**Action item:**
Write out again, exactly, the lines below starting at the one with "Click to view" and ending at the one with "若日尼奥同时斩获欧冠&解放者".

━━━━━ Information shown ━━━━━

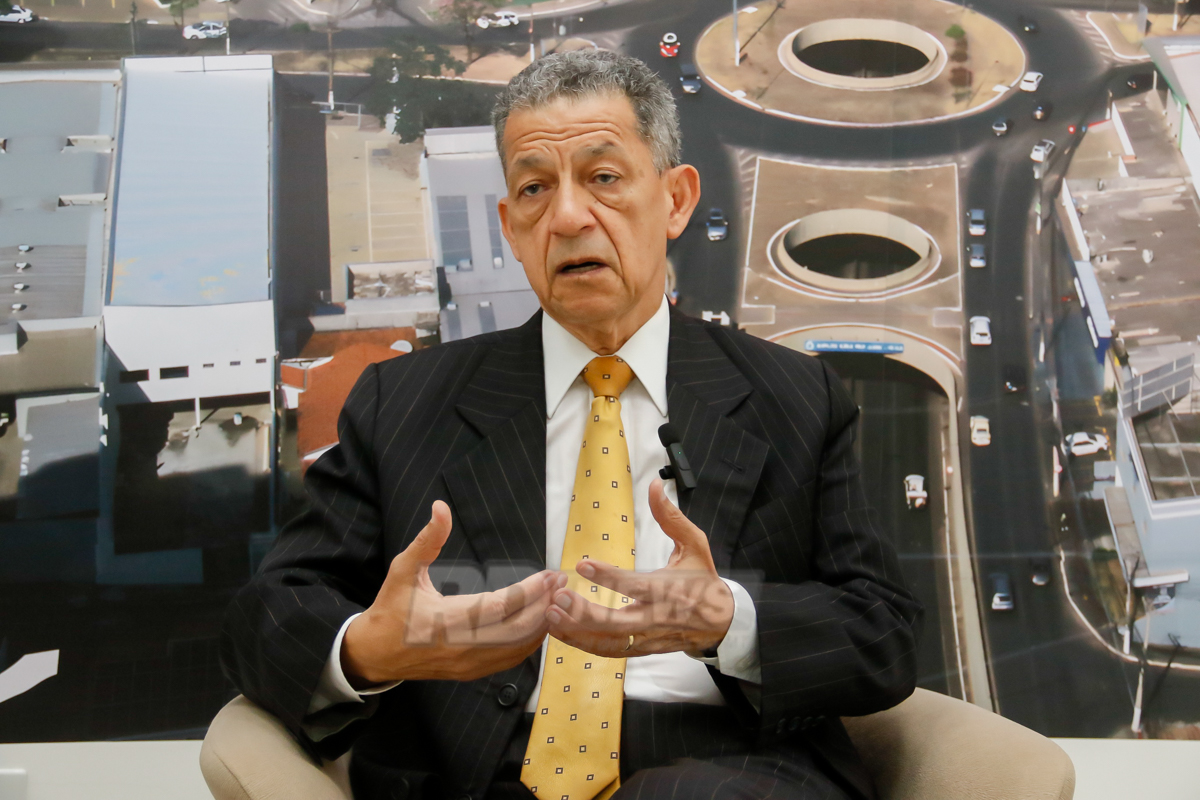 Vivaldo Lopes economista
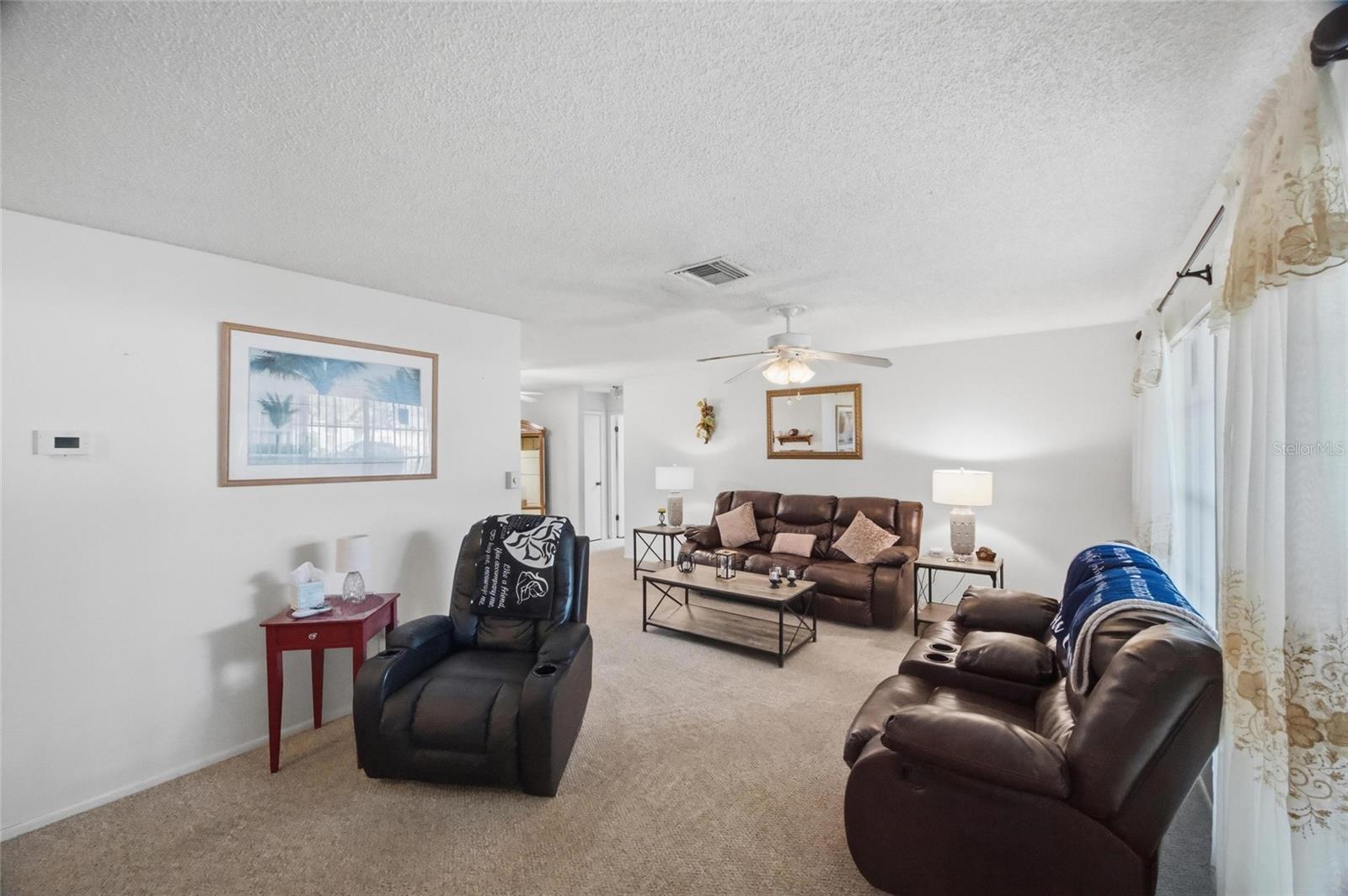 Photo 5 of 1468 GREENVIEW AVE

━━━━━
━━━━━ Information shown ━━━━━

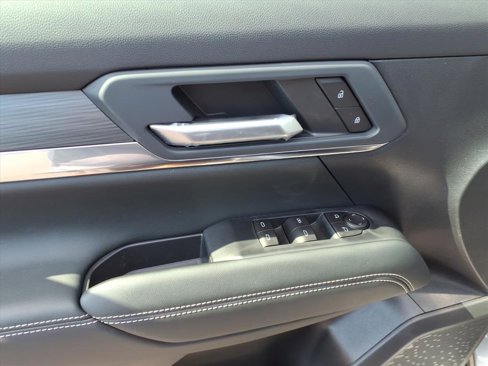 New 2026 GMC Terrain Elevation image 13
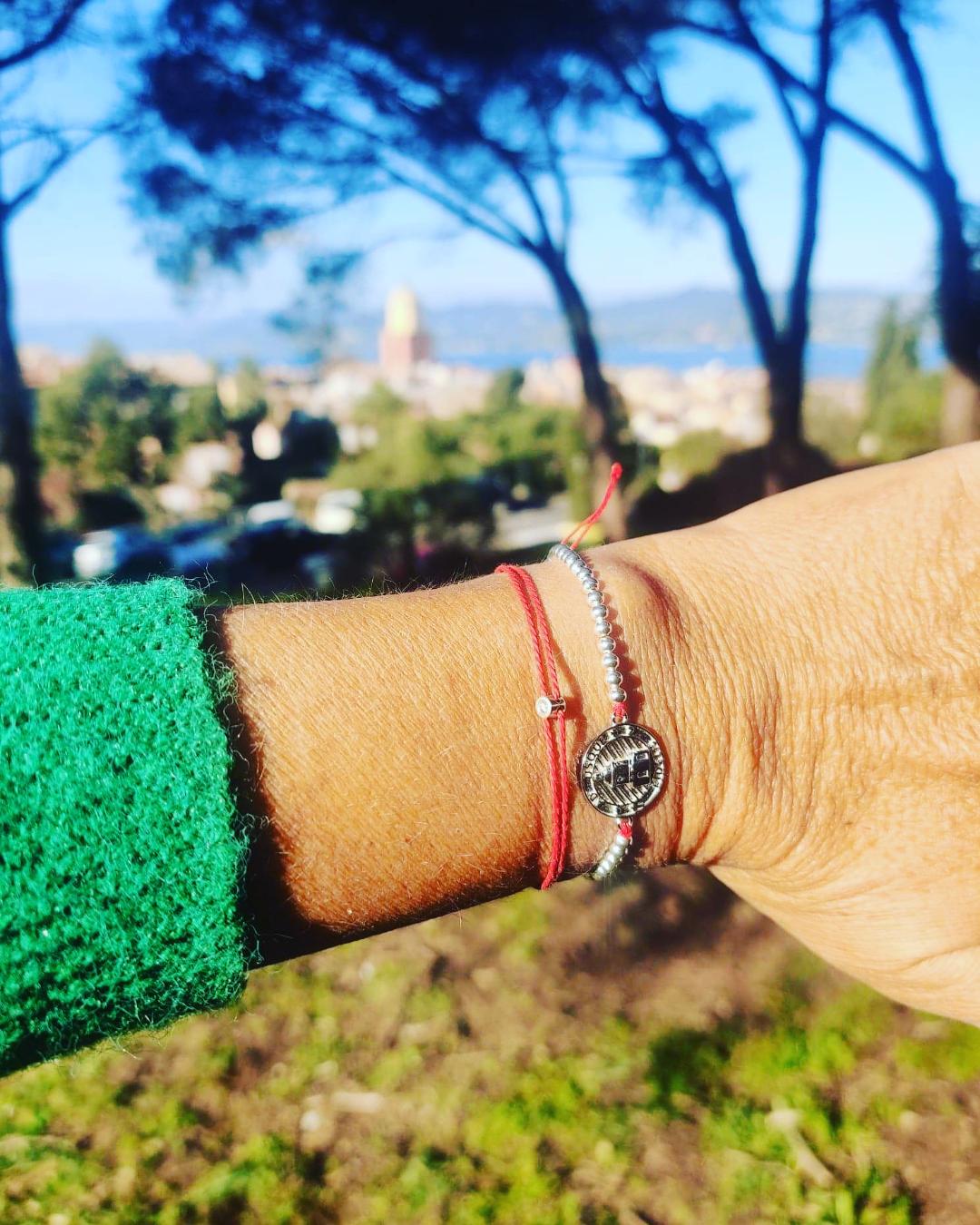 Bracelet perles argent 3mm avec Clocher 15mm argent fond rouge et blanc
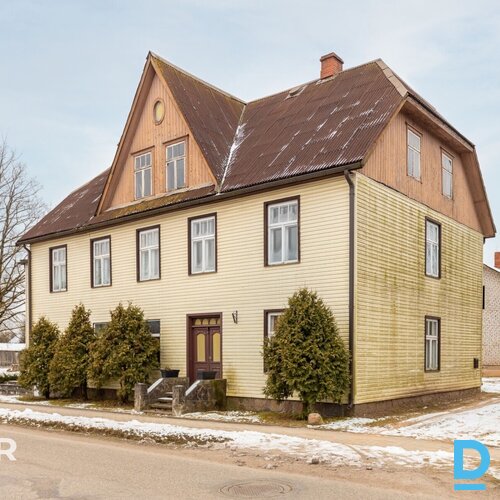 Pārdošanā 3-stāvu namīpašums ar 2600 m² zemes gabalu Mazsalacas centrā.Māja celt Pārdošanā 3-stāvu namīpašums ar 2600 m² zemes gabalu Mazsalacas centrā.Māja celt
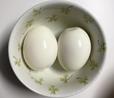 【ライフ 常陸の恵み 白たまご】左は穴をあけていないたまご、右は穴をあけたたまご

━━━━━
━━━━━ Information shown ━━━━━

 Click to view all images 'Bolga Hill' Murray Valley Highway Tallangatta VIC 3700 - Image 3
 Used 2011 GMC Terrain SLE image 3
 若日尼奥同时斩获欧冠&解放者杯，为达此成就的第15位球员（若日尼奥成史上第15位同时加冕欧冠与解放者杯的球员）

━━━━━

**Task output:**
 Click to view all images 'Bolga Hill' Murray Valley Highway Tallangatta VIC 3700 - Image 3
 Used 2011 GMC Terrain SLE image 3
 若日尼奥同时斩获欧冠&解放者杯，为达此成就的第15位球员（若日尼奥成史上第15位同时加冕欧冠与解放者杯的球员）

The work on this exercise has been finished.